> _What you have to do_:
Write out, exactly and in full, the line where "Myer's Attic - Home Decor" appears together with all lines that follow it in the entries below. Do not include pictures.

Records drawn from a dataset

○ ○ ○ ○

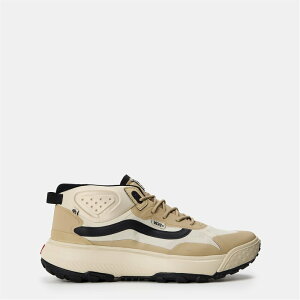 �o���Y ���f�B�[�X �V���[�Y �u�[�c�E���C���u�[�c Vans Mte Crosspath Mid Sepia Walking Shoes Unisex Adults Sepia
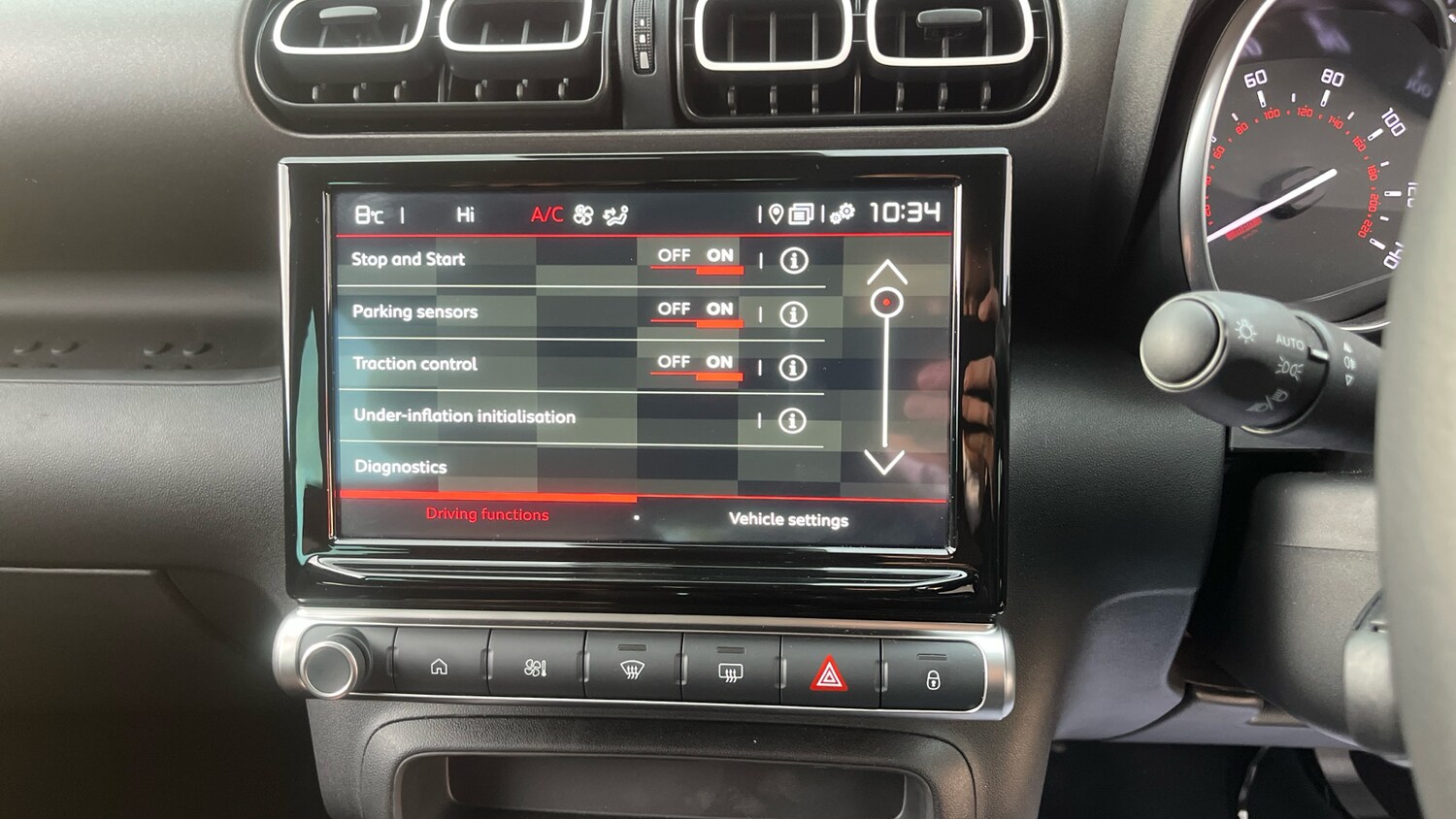 Used Citroen C3 Aircross 2024 for sale - 77192816: Photo 30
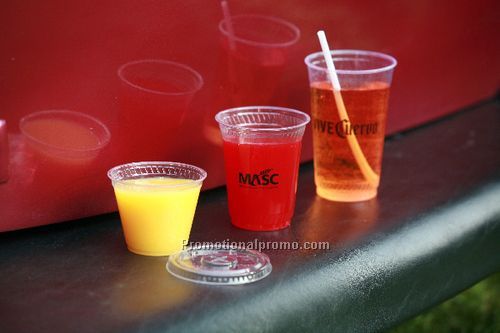 9oz Greenware biodegradable cup- squat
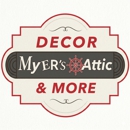 Myer's Attic - Home Decor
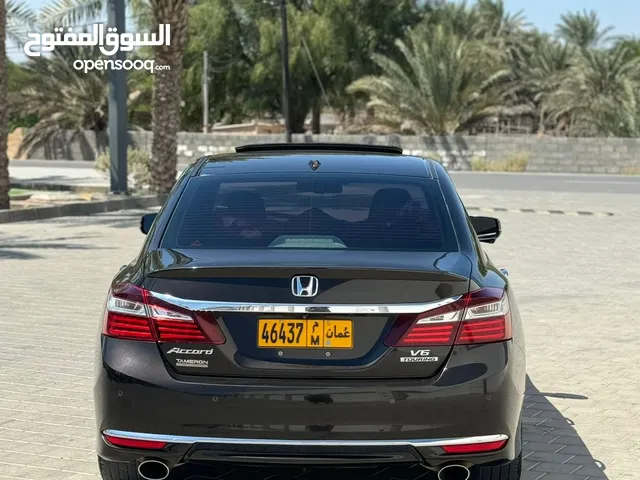 Used Honda Accord in Al Batinah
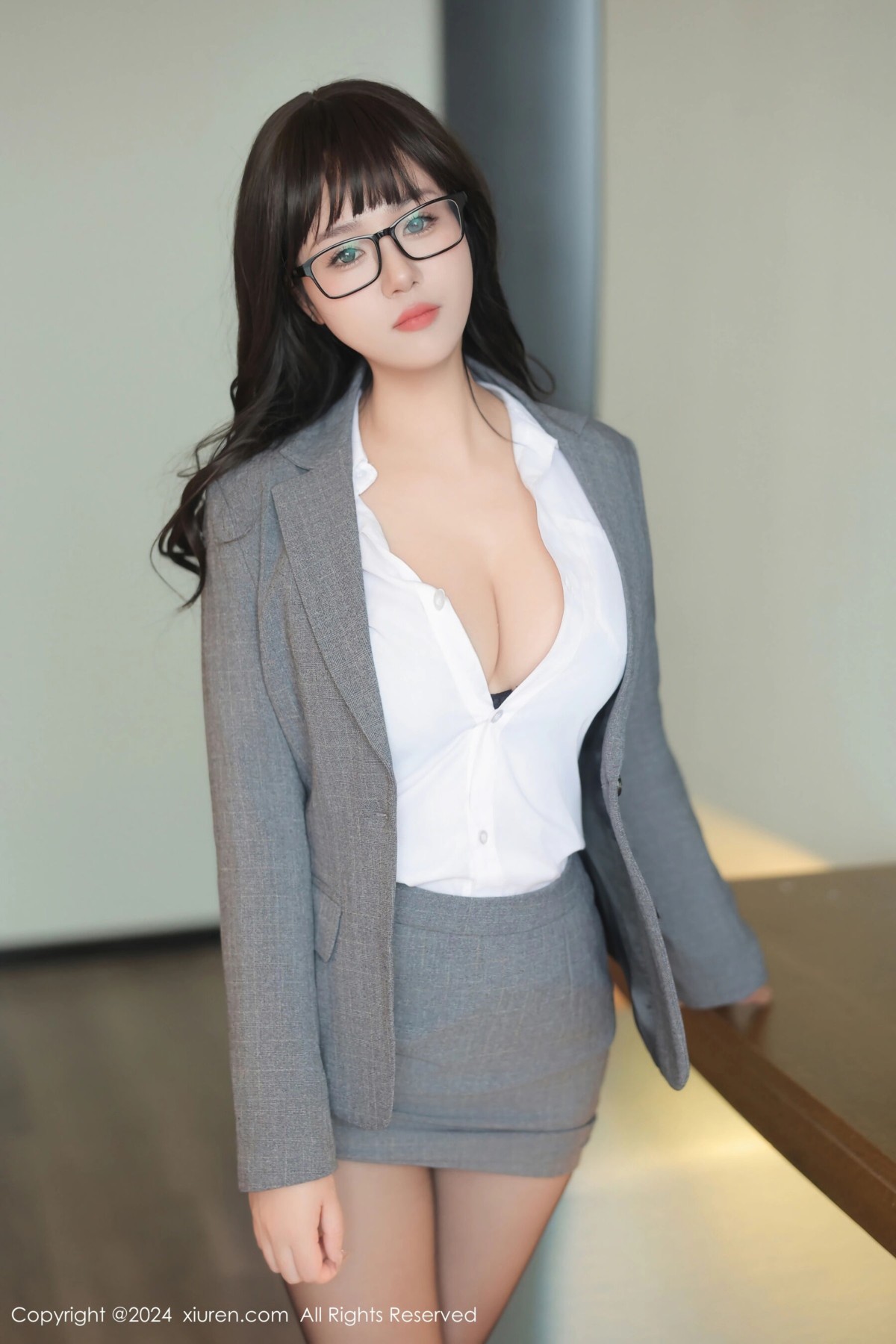 【XiuRen秀人網】20240507Vol8496金小依【82P】-[秀人套图]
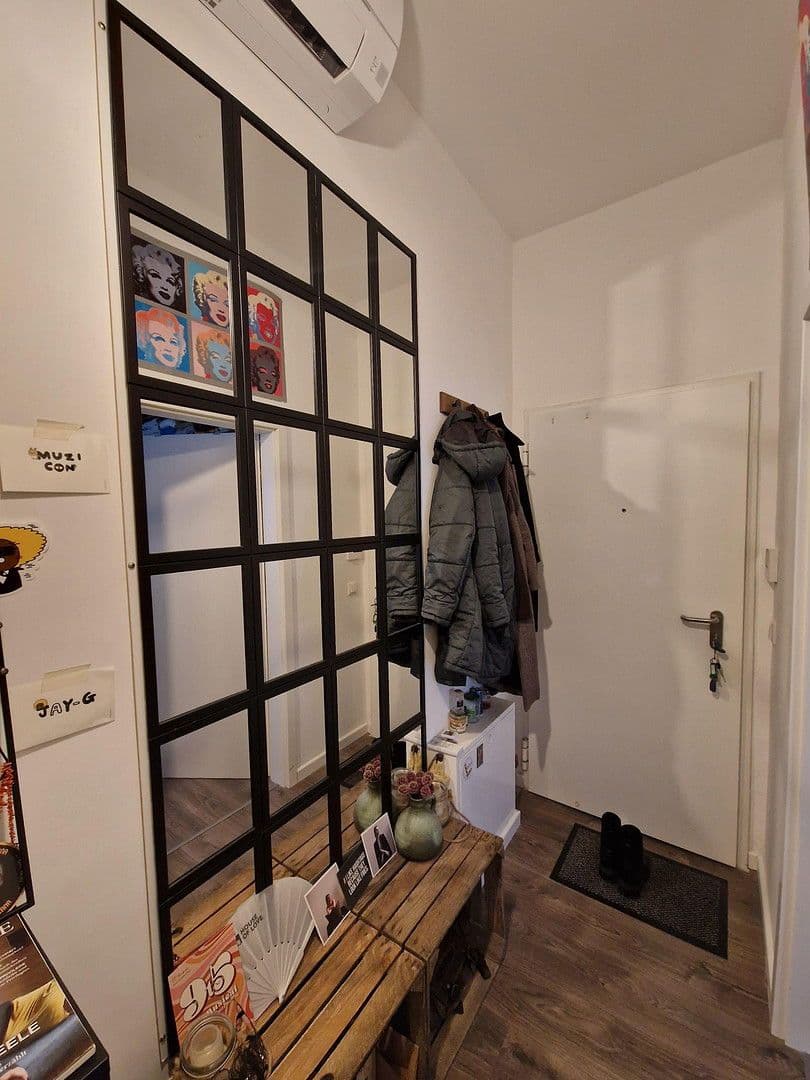 2 bedroom flat to rent, 41 m², Kölner Strasse 1, Leverkusen, North Rhine-Westphalia 2 bedroom flat to rent, 41 m², Kölner Strasse 1, Leverkusen, North Rhine-Westphalia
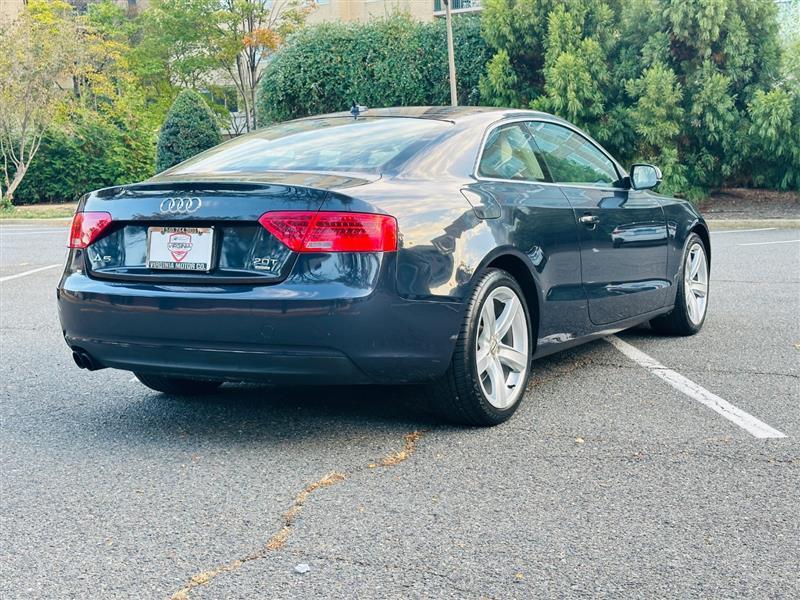 used 2015 Audi A5 car, priced at $8,995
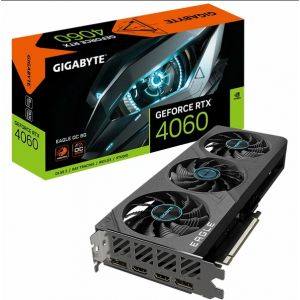 Видеокарта nVidia GeForce RTX 4060  EAGLE OC GIGABYTE 8Gb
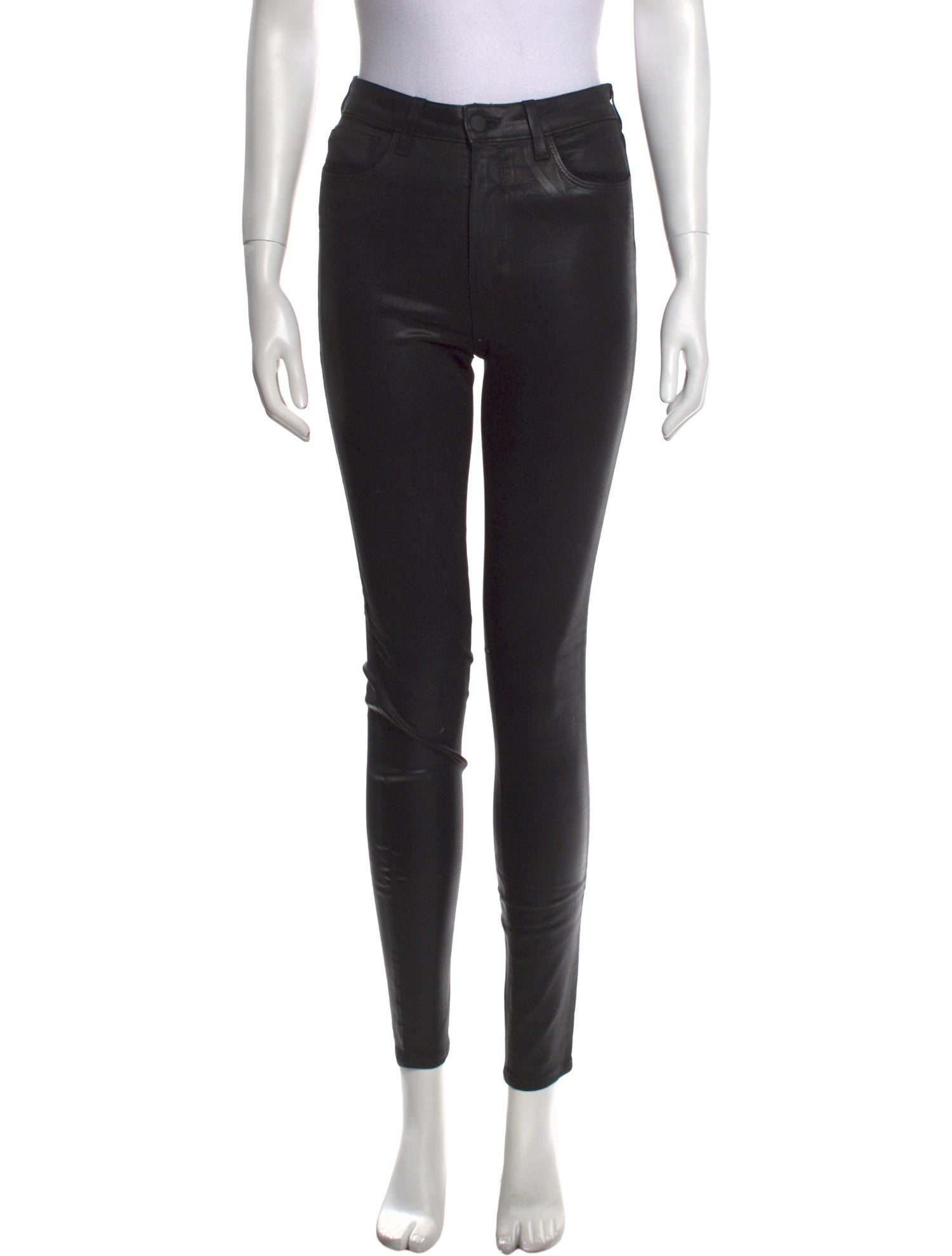 L'Agence Skinny Leg Pants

○ ○ ○ ○

> _Final answer_:
 Myer's Attic - Home Decor
 Used Honda Accord in Al Batinah
 【XiuRen秀人網】20240507Vol8496金小依【82P】-[秀人套图]
 2 bedroom flat to rent, 41 m², Kölner Strasse 1, Leverkusen, North Rhine-Westphalia 2 bedroom flat to rent, 41 m², Kölner Strasse 1, Leverkusen, North Rhine-Westphalia
 used 2015 Audi A5 car, priced at $8,995
 Видеокарта nVidia GeForce RTX 4060  EAGLE OC GIGABYTE 8Gb
 L'Agence Skinny Leg Pants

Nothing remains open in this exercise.